1977年,在建造辽阳化纤厂时,需要一种检验设备的仪器,中国还没有。一个技术员曾在国外看见过,就给任正非讲了下大概是什么样子。


没想到,任正非竟然用数学推导的方式,把仪器的设计给推导出来,制作成功了。这个仪器的名字叫“空气压力天平”,体积小,重量轻,操作很方便。


虽是一个小发明,但是在文革刚结束的中国,一点小动静就能带来极大的鼓舞,证明科学技术是有用的。
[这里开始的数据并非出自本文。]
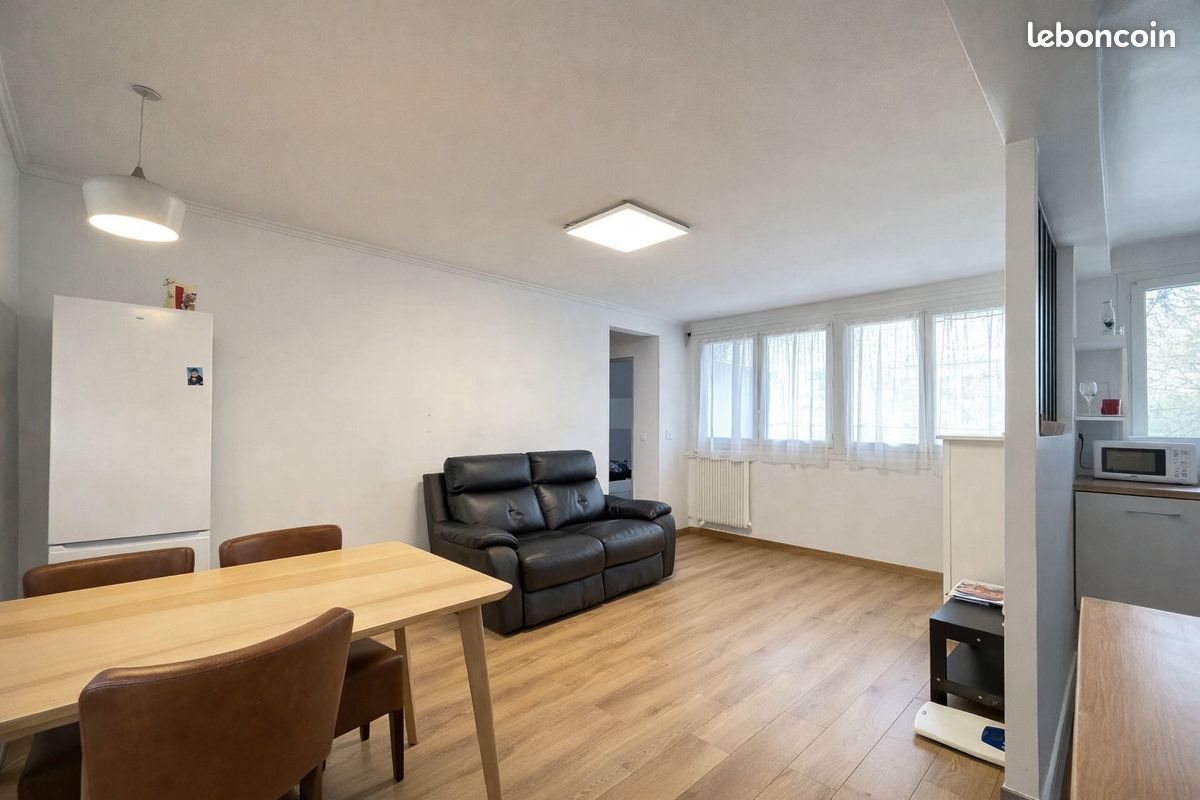 Appartement à louer, 54m², Courbevoie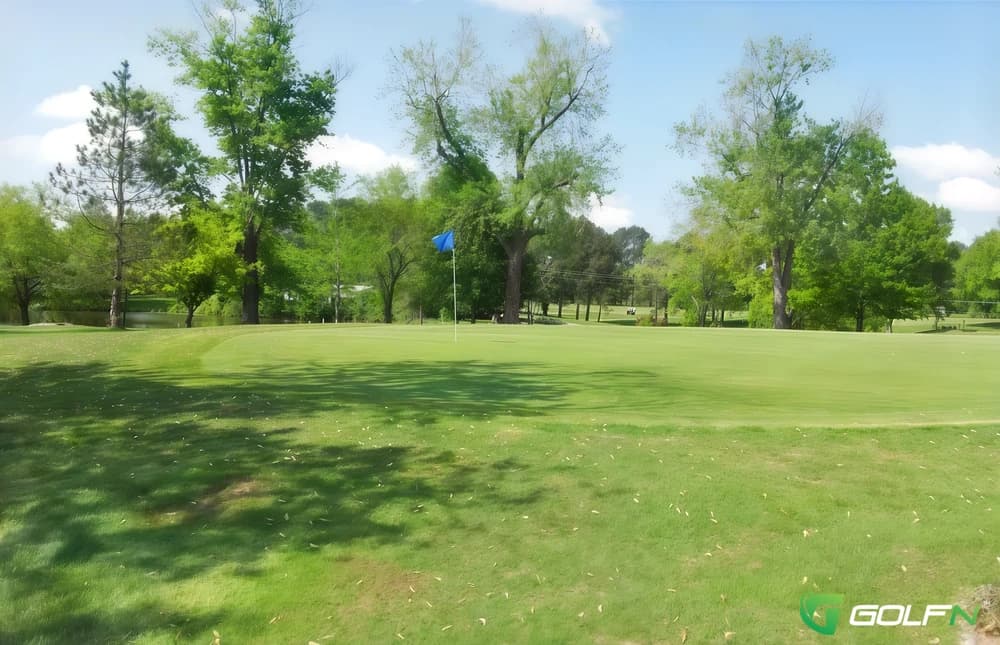 Jackson Country Club in Murphysboro, Illinois — public, 18-hole golf course, designed by David Gill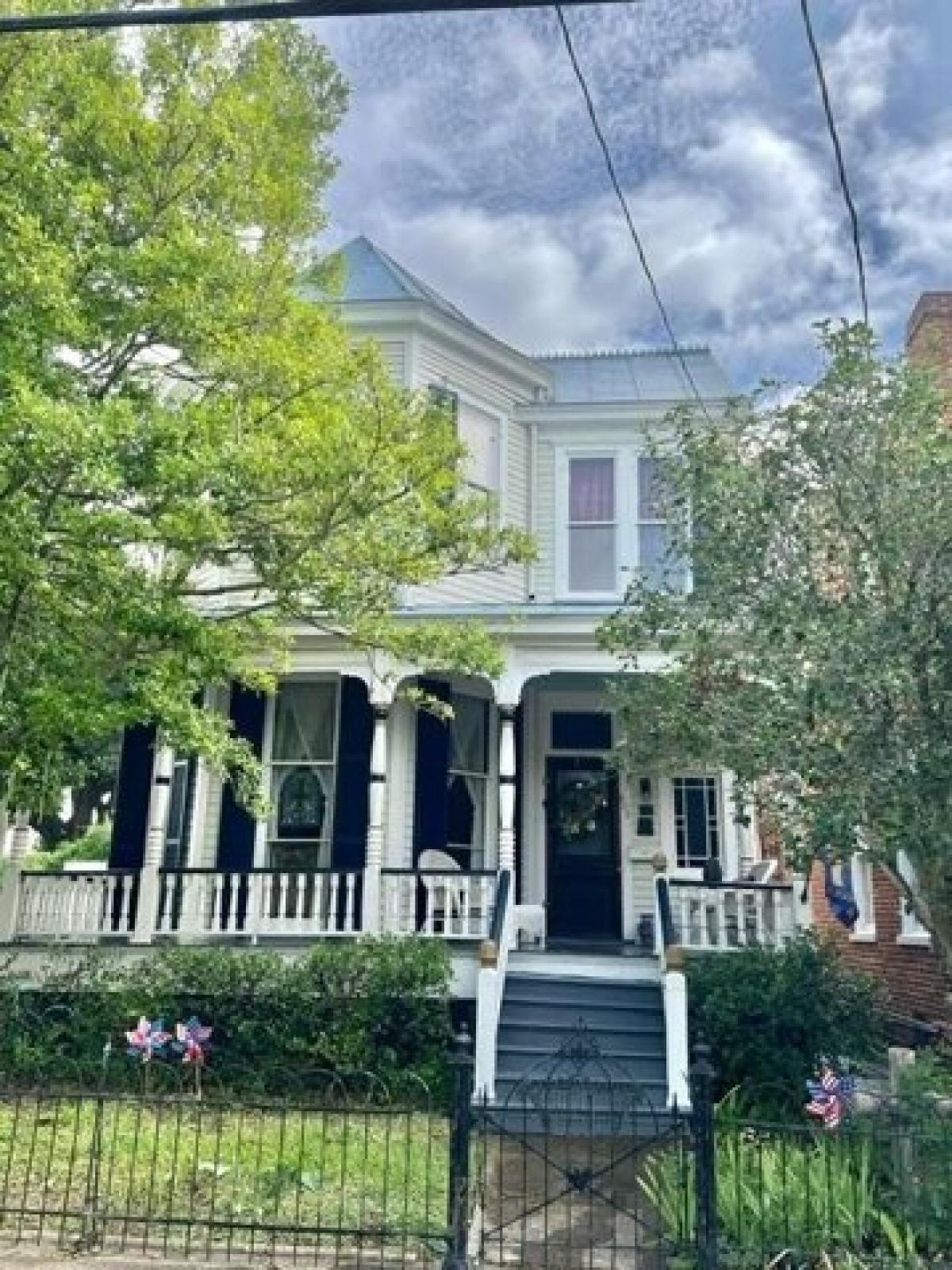 Picture of Home For Sale in Natchez, Mississippi, United States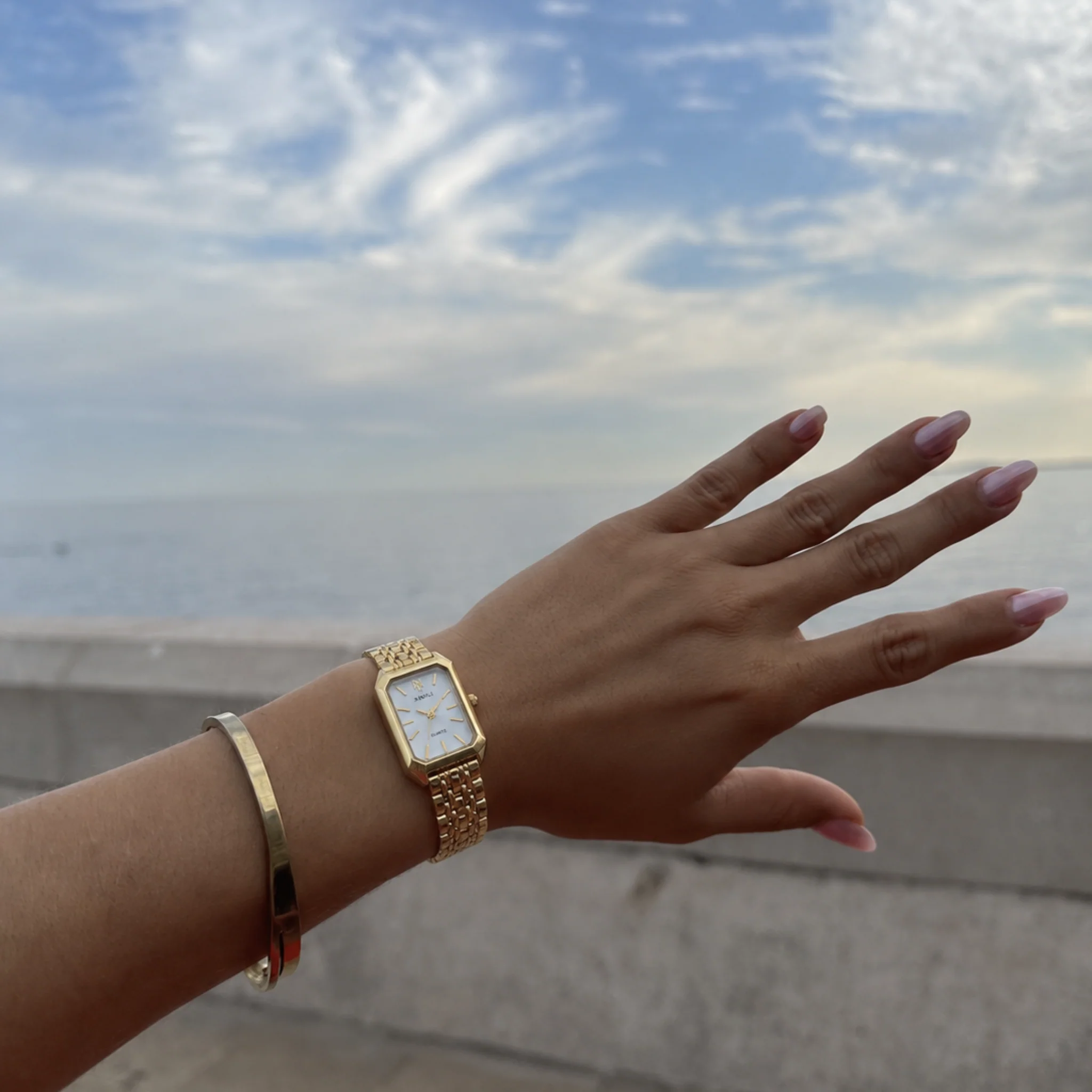 XIMILI Luxe Watch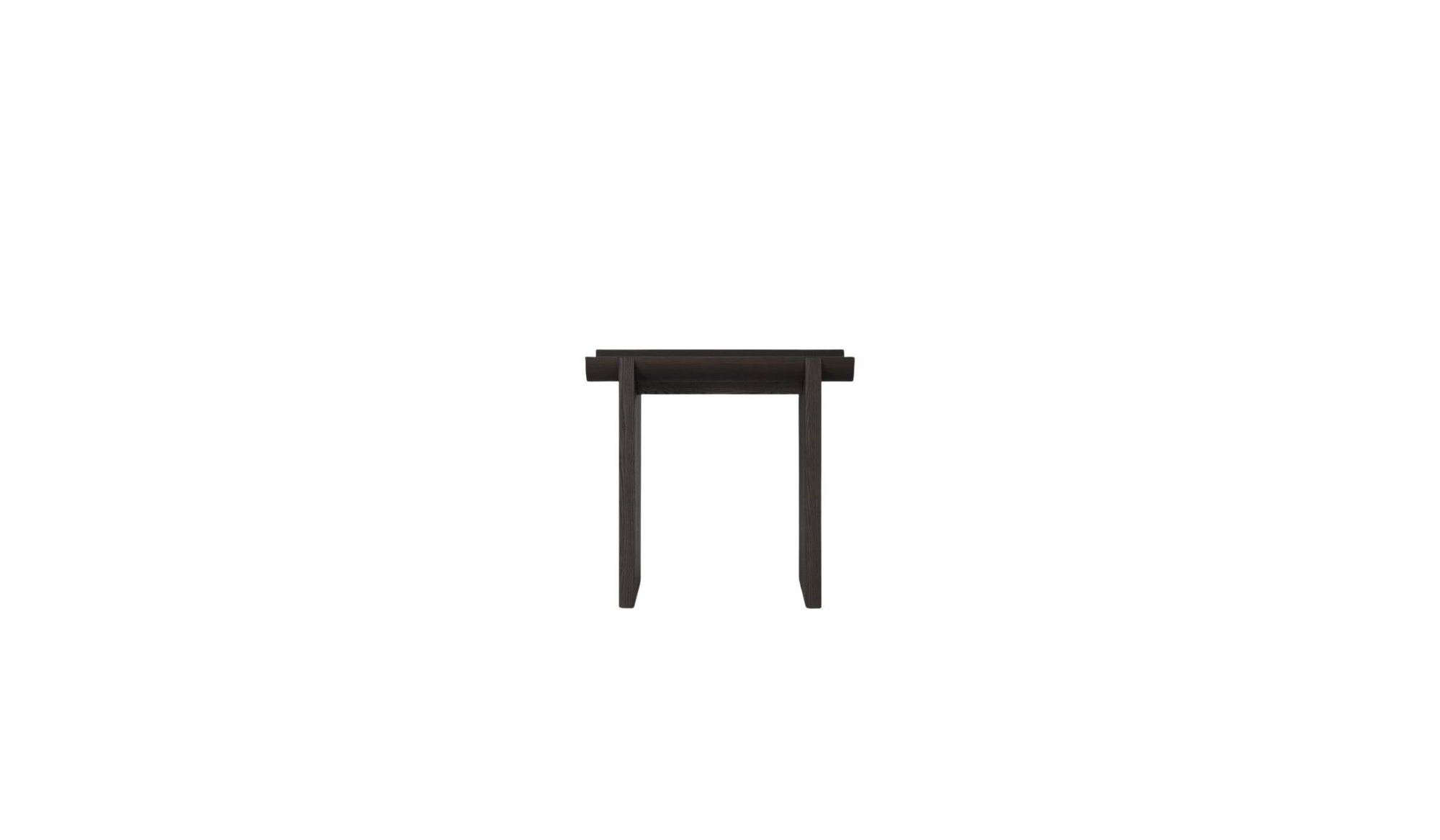 Table d'appoint haute Rigoles de WeWood en chêne brun, vue de face sur fond blanc, piètement géométrique et plateau incurvé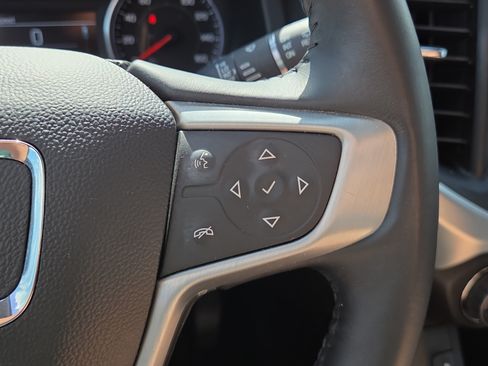 Used 2017 GMC Acadia SLT FWD image 22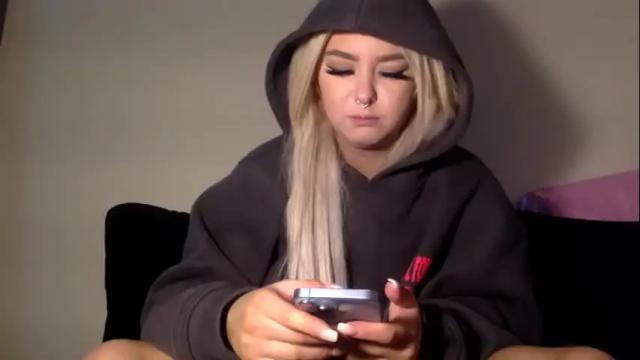 Thumbnail 3, blondebunnyx1's Stream at Chaturbate, 21 months ago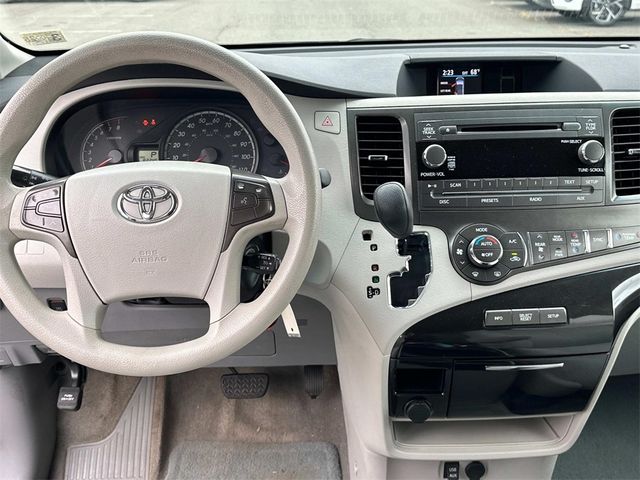 2013 Toyota Sienna LE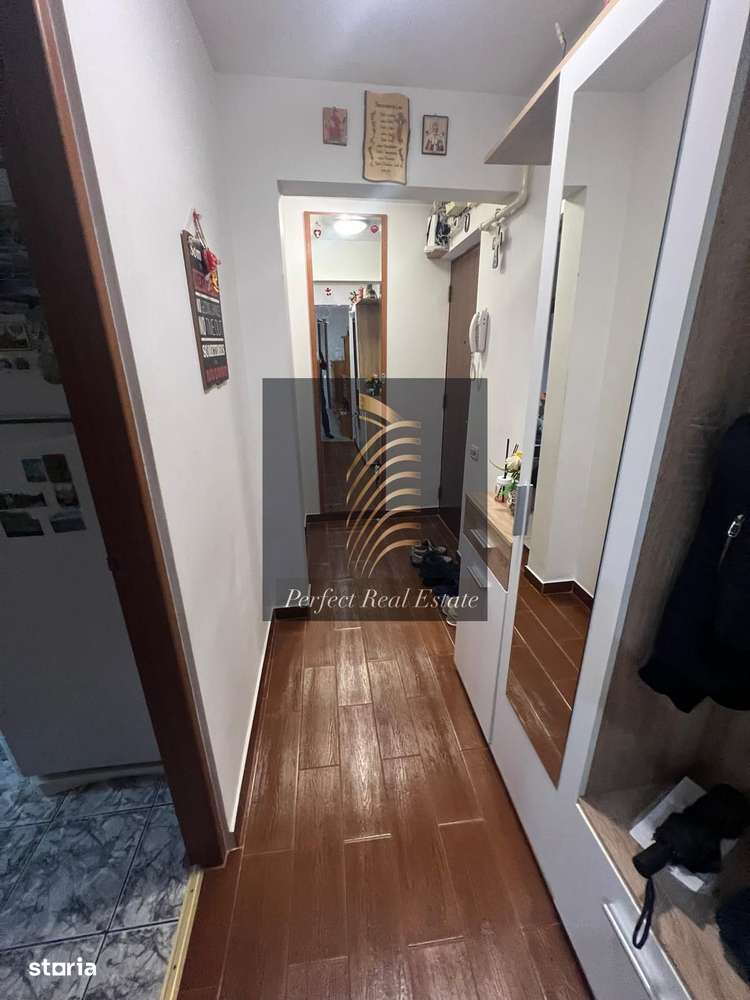 De vânzare –  EXCLUSIVITATE! Apartament 3 camere, semi confort I,-9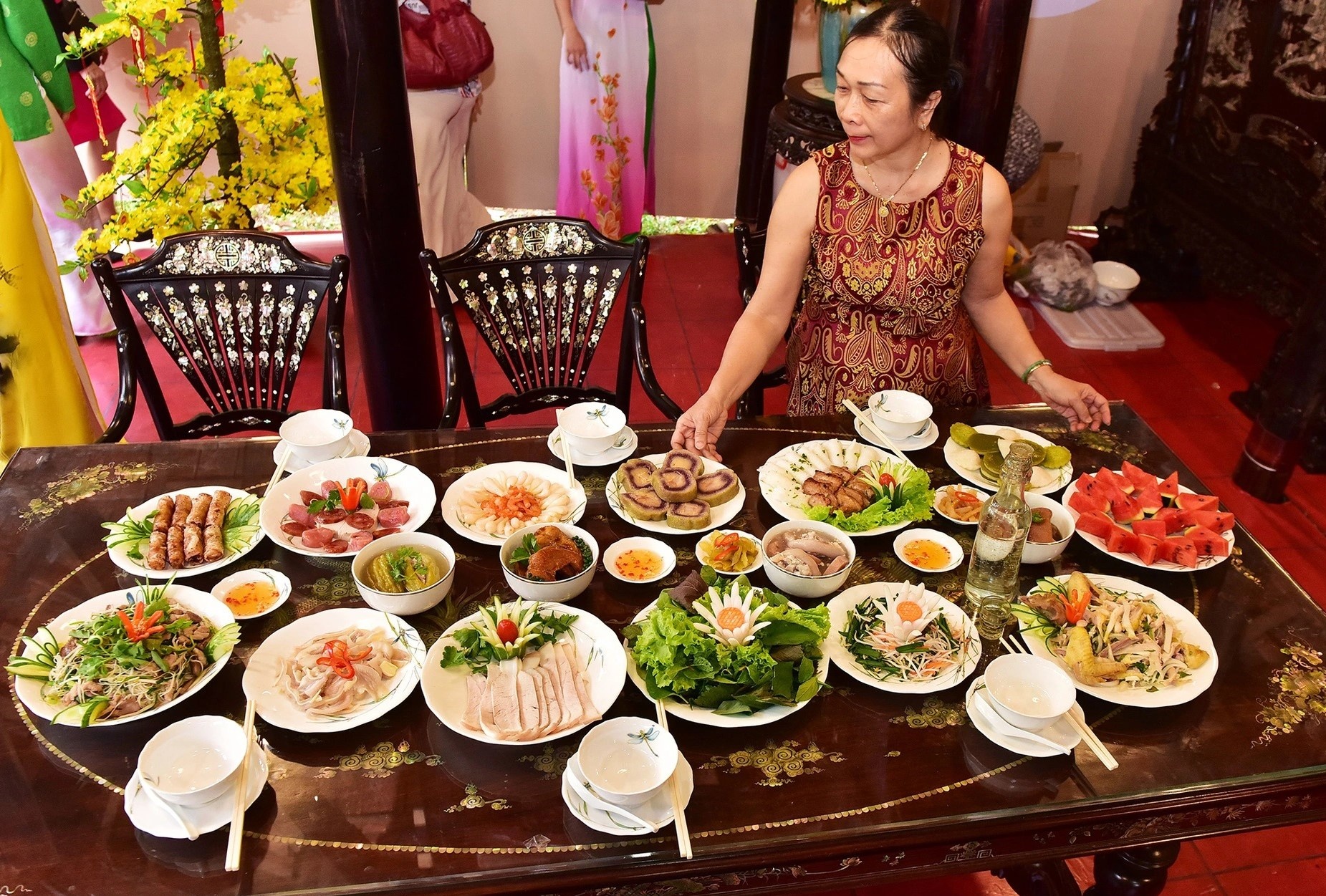 Hinh anh phu nu trong quang cao Tet anh 2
他的事迹被媒体广泛报道,《文汇报》的标题是《我国第一台空气压力天平》:


解放军基建工程兵某部青年技术员任正非在仪表班战士的配合下,研制成功我国第一台高精度计量杯准仪器——空气压力天平,为我国仪表工业填补了一项空白……这种仪表是最近几年刚出现的,目前世界上只有几个工业发达的国家能制造。



因为基建工程兵对经济发展的重大贡献,在这年底召开的工作会议上,五大常委华国锋、叶剑英、邓小平、李先念、汪东兴,都到场参加。会议表彰了一批工程技术人员,其中就有任正非。


之后,34岁的他又被选为解放军科技人员的代表,参加了1978年3月份召开的全国科技大会。在6000名代表中,35岁以下的人只有150多人,占2.5%。


因一篇报告文学《哥德巴赫猜想》在全国爆红的数学家陈景润,在这届大会上发了言,还跟小平握了手。


中国科学院院长郭沫若已86岁,身体有病,但他坚持坐着推车到了现场,还做了发言,名叫《科学的春天》,充满诗人的激情:


我们民族历史上最灿烂的科学的春天到来了。


科学工作者同志们,请你们不要把幻想让诗人独占了。我们一定要打破常规,披荆斩棘,开拓我国科学发展的道路。


既异想天开,又实事求是,这是科学工作者特有的风格,让我们在无穷的宇宙长河中去探索无穷的真理吧。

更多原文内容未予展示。